CENTER FOR ARMENIAN RESEARCH AND PUBLICATION: PURPOSE


The Armenian Research Center was established for the documentation and the publication of materials in the field of Armenian studies and affairs. The Armenian Research Center does this work in six main ways:

First, through its computerized database of books, periodical articles, and other materials concerning Armenians. The database covers not only the extensive holdings of the Armenian Research Center, but also other materials that the Center does not own but which it can obtain quickly from other libraries and depositories. We also have an electronic connection with the Library of Congress and all major academic libraries in the world. Political officials, media personnel, scholars, students, and the general public have all made use of our database and our collection for various projects.

Second, by publishing. The Armenian Research Center has published a booklet on countering Turkish defamation of the Armenian Genocide, a survivor's memoir (Out of Turkey) of the Armenian Genocide, an Index for the first five issues of the Journal of the Society for Armenian Studies, and Volume 6 of Journal of the Society for Armenian Studies.

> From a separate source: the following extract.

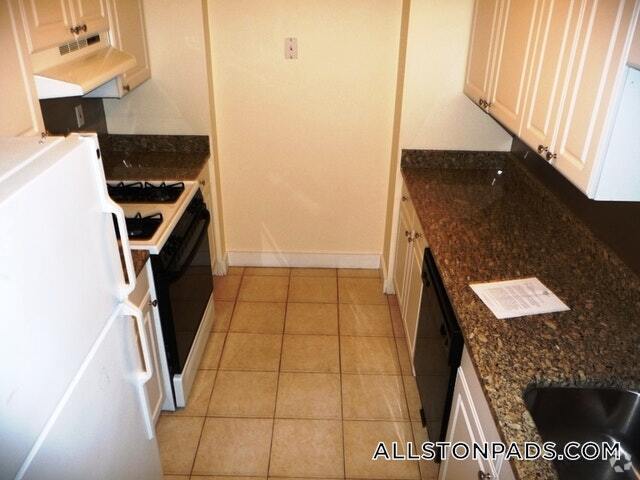 Building Photo - 15 N Beacon St Rental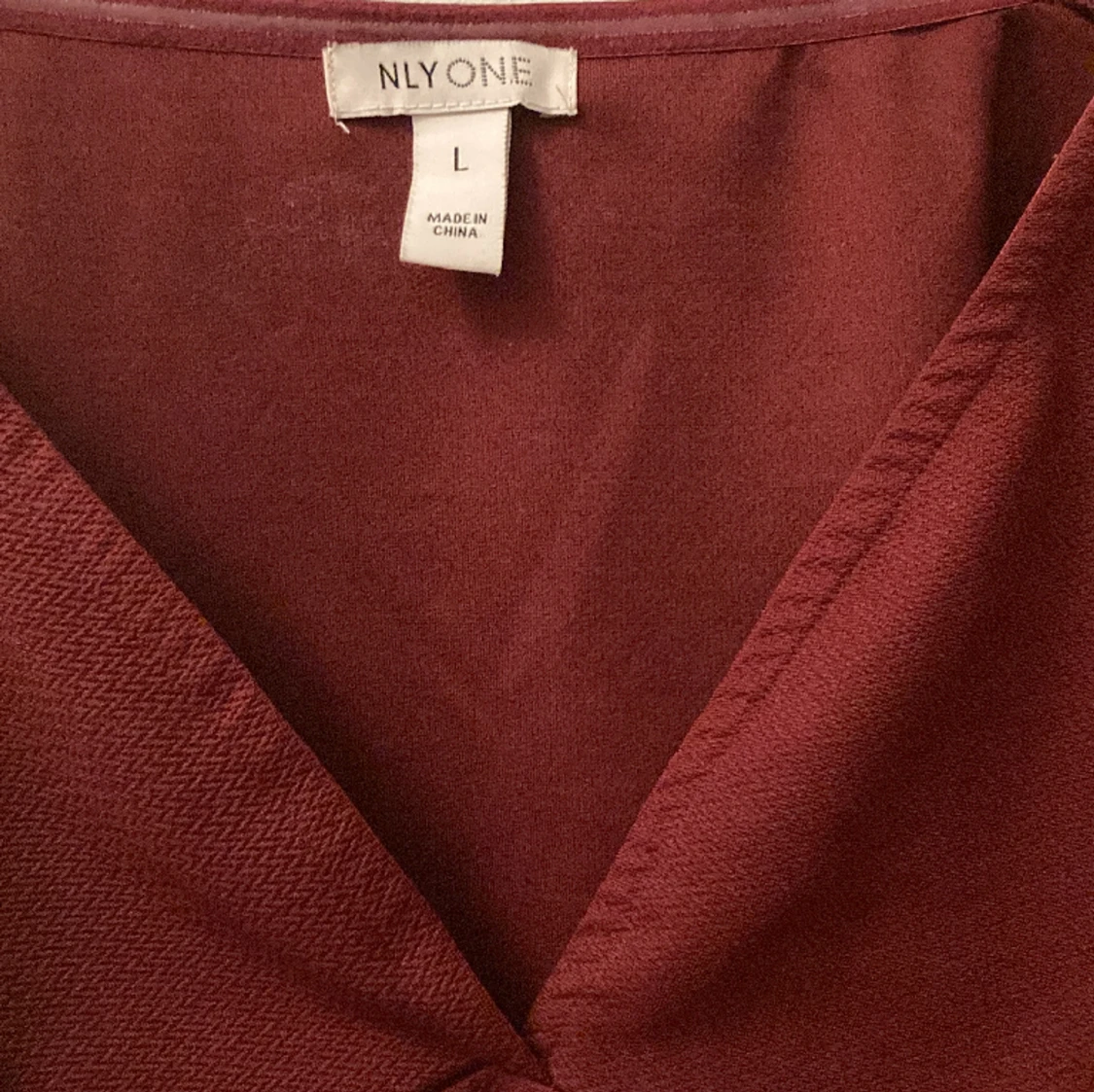 Vinröd tröja - 91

Third, by academic outreach. The Armenian Research Center has sponsored academic talks at the University of Michigan-Dearborn and in various forums. The most successful was a meeting with the chief assistants of all the congressmen and senators in Michigan to discuss Armenian issues and how to influence policy makers. The Armenian Research Center also brings in speakers to the Dearborn campus each year. The speakers were Rabbi Kenneth Segal, who discussed his attempts to have U.S. Jewish organizations acknowledge the Armenian Genocide; Dr. Joseph Kechichian, who discussed the socio-political situation in the Middle East and how it relates to Armenia and diasporan Armenians in the Middle East; Dr. Kirakos Padarian, former translator for Gennadi Yanayev, former Vice President of the USSR; Thomas Goltz, a reporter with rather interesting connections; Dr. Levon Chookaszian of Yerevan State University, who discussed Medieval Armenian Art; and Dr. James R. Russell, Mashtots Professor of Armenian Studies at Harvard University, who discussed Armenian connections with world literature.

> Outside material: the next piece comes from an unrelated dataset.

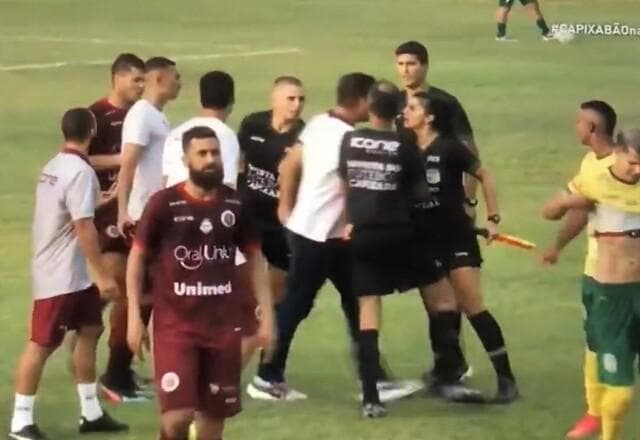 Técnico agride bandeirinha e é demitido por time capixaba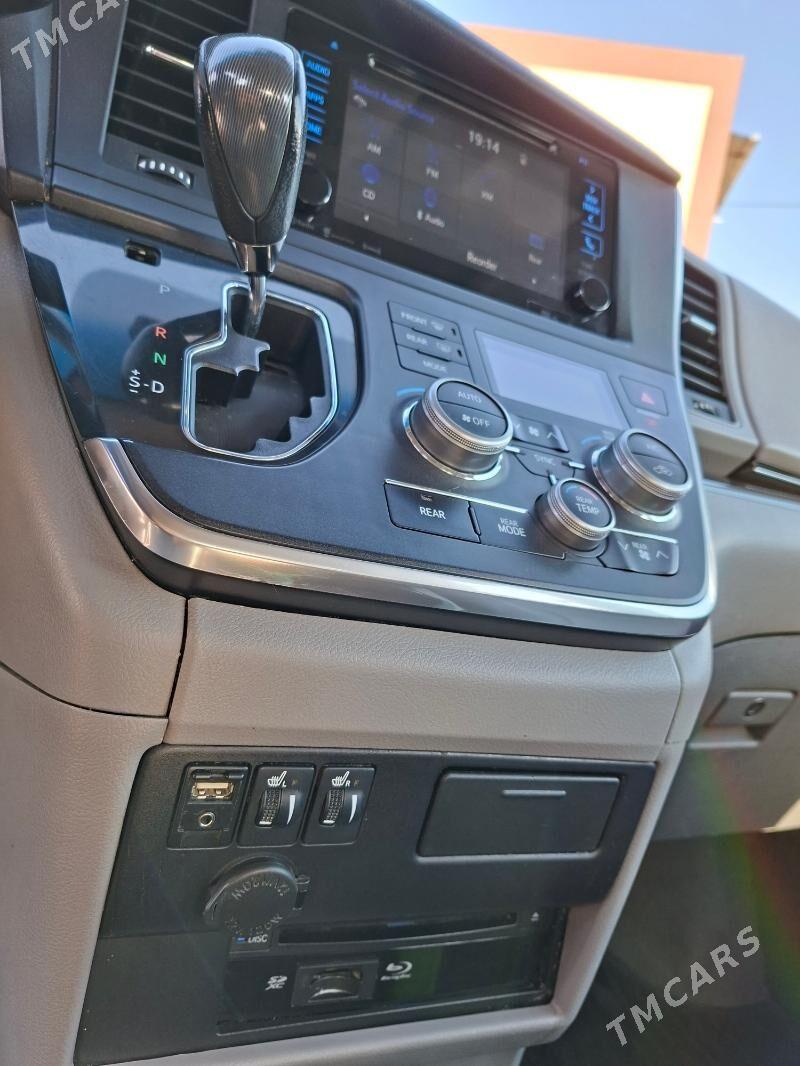Toyota Sienna 2018 - 400 000 TMT - Türkmenabat - img 8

Fourth, by academic support: The Armenian Research Center offers two scholarships each year to Armenian-American students attending the University of Michigan-Dearborn, has sponsored Fulbright Scholars from Russia (Dr. Boris Shpotov in 1994/95) and Armenia (Dr. Babken Harutiunian in 1995/96), and is beginning a "Scholar in Residence Program." The Armenian Research Center also serves as the Secretariat of the Society for Armenian Studies, an international Armenian Studies organization with 200 members, and edits the Society's Journal, beginning with Volume 6. Fifth, by public outreach. Dr. Dennis R. Papazian, the Director of the Armenian Research Center, is much sought after by the media and others to explain events in Armenia and the former Soviet Union. For example, he was invited twice the summer of 1992 with a group of Armenian leaders to meet at the White House with members of the National Security Council, particularly with General Brent Scowcroft, personal advisor to President George Bush. He has also participated in a number of round-table discussions at the prestigious Center for Strategic & International Studies in Washington, D.C. In the spring of 1993, the Director participated in a day-long meeting with various officials from Azerbaijan. Dr. Papazian also met with President Clinton and Dr. Anthony Lake, National Security Advisor to the President, in the summer of 1994.

Sixth, by political contact. The Center frequently faxes informational material to political leaders in regards to current legislation pending before Congress or issues being determined by the White House.